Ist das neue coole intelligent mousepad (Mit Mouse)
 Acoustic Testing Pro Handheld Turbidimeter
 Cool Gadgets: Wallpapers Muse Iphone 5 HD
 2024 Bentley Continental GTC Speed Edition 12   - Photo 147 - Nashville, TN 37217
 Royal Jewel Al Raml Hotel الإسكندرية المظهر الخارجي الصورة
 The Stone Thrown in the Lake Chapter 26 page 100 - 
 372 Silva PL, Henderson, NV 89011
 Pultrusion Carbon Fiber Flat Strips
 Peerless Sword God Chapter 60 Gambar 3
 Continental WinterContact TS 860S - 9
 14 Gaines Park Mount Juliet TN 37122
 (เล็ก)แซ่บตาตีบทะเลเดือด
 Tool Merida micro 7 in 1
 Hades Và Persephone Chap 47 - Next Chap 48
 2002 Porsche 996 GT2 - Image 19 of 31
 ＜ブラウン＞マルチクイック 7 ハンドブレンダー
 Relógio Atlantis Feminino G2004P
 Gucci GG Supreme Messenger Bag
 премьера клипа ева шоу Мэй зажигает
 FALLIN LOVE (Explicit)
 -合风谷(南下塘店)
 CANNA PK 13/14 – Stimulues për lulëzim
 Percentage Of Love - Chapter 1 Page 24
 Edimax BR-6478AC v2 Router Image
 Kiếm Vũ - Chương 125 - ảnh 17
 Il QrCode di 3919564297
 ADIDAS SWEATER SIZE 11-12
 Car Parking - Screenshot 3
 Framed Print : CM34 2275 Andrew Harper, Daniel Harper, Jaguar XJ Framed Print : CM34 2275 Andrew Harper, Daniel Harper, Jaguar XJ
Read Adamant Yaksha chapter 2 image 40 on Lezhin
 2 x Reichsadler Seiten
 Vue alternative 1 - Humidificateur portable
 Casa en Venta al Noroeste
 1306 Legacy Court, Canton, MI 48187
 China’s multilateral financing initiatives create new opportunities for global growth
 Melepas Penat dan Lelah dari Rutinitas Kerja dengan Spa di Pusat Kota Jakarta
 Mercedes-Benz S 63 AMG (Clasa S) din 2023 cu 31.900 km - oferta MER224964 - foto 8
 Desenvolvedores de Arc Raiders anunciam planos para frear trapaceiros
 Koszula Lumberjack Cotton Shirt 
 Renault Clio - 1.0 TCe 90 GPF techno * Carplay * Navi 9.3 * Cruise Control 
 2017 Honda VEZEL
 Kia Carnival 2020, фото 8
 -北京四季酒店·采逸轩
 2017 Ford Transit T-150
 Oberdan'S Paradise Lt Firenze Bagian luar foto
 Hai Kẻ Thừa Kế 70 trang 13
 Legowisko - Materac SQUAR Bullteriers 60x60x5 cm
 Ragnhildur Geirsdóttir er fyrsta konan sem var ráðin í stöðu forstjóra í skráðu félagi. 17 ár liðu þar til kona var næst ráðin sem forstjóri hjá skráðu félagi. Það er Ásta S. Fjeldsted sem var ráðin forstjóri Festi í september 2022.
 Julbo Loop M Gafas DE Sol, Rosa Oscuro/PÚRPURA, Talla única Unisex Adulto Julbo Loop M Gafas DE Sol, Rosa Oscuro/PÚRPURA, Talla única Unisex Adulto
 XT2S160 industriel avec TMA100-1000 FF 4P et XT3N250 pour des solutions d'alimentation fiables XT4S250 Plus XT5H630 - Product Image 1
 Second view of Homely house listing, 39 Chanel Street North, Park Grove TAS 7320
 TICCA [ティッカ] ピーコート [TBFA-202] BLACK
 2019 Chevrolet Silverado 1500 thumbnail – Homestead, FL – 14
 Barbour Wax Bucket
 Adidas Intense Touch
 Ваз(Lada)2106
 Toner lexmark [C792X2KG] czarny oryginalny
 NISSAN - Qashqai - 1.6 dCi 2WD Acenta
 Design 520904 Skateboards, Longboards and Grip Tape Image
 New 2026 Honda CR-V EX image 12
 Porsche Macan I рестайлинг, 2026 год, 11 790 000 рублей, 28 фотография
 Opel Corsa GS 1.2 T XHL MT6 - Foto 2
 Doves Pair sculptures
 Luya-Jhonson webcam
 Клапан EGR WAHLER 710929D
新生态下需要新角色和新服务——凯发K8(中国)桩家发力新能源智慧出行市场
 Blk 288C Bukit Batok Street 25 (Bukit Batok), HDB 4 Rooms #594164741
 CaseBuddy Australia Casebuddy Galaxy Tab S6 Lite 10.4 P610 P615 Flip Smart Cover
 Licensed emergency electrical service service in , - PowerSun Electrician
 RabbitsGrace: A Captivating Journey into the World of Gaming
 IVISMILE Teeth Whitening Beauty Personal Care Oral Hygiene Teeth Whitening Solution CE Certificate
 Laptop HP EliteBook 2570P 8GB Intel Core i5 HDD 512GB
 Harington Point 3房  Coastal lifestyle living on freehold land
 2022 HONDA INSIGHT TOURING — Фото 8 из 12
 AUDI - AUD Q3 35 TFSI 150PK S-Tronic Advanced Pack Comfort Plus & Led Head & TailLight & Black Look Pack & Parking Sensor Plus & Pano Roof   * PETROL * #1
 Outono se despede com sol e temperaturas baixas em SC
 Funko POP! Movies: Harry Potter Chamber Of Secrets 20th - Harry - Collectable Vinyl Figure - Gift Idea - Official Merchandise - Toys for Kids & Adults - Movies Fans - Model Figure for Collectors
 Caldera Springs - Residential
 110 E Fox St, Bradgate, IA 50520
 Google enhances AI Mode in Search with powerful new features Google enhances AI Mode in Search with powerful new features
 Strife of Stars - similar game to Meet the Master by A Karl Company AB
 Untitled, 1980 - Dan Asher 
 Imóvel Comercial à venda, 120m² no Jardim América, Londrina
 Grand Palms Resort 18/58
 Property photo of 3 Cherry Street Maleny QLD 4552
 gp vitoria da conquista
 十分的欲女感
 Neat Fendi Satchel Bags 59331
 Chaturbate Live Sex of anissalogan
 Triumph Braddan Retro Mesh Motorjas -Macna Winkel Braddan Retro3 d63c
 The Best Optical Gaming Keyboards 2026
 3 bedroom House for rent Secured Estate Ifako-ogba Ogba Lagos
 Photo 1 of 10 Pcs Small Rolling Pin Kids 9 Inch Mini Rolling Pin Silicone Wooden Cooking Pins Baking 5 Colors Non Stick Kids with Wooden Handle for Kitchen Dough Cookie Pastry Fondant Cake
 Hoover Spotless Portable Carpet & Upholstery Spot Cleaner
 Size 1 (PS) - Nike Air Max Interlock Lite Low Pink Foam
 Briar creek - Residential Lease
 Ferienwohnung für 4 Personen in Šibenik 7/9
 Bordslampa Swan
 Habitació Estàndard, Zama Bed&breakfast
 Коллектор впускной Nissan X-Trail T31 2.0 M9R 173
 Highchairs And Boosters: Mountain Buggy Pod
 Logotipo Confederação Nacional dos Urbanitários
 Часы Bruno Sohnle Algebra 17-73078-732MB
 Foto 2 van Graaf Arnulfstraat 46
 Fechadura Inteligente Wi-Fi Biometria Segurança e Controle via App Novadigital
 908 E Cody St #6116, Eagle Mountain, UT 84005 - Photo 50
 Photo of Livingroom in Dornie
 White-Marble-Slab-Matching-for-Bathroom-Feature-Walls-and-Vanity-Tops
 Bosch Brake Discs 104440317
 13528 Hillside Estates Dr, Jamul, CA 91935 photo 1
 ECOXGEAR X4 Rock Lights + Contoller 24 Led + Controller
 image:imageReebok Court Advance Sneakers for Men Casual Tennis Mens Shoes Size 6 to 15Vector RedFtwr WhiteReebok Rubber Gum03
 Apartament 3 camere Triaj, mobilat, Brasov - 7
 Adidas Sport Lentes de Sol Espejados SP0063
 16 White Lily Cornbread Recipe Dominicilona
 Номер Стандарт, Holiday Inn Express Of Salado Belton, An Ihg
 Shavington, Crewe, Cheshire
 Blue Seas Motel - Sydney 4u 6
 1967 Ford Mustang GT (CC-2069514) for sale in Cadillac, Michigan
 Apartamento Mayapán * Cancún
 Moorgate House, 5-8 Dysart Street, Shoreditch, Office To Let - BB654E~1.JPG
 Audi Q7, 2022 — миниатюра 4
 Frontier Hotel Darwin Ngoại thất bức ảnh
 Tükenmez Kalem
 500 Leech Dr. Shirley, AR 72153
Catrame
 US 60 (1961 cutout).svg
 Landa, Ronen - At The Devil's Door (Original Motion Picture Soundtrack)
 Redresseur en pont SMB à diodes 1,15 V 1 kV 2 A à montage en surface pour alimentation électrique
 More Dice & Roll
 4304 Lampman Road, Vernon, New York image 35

Prompt:
Only the lines above from the line containing "Audi Q7, 2022 — миниатюра 4" through the line containing "More Dice & Roll" should be retyped, exactly and with both ends included.

Response to this task:
 Audi Q7, 2022 — миниатюра 4
 Frontier Hotel Darwin Ngoại thất bức ảnh
 Tükenmez Kalem
 500 Leech Dr. Shirley, AR 72153
Catrame
 US 60 (1961 cutout).svg
 Landa, Ronen - At The Devil's Door (Original Motion Picture Soundtrack)
 Redresseur en pont SMB à diodes 1,15 V 1 kV 2 A à montage en surface pour alimentation électrique
 More Dice & Roll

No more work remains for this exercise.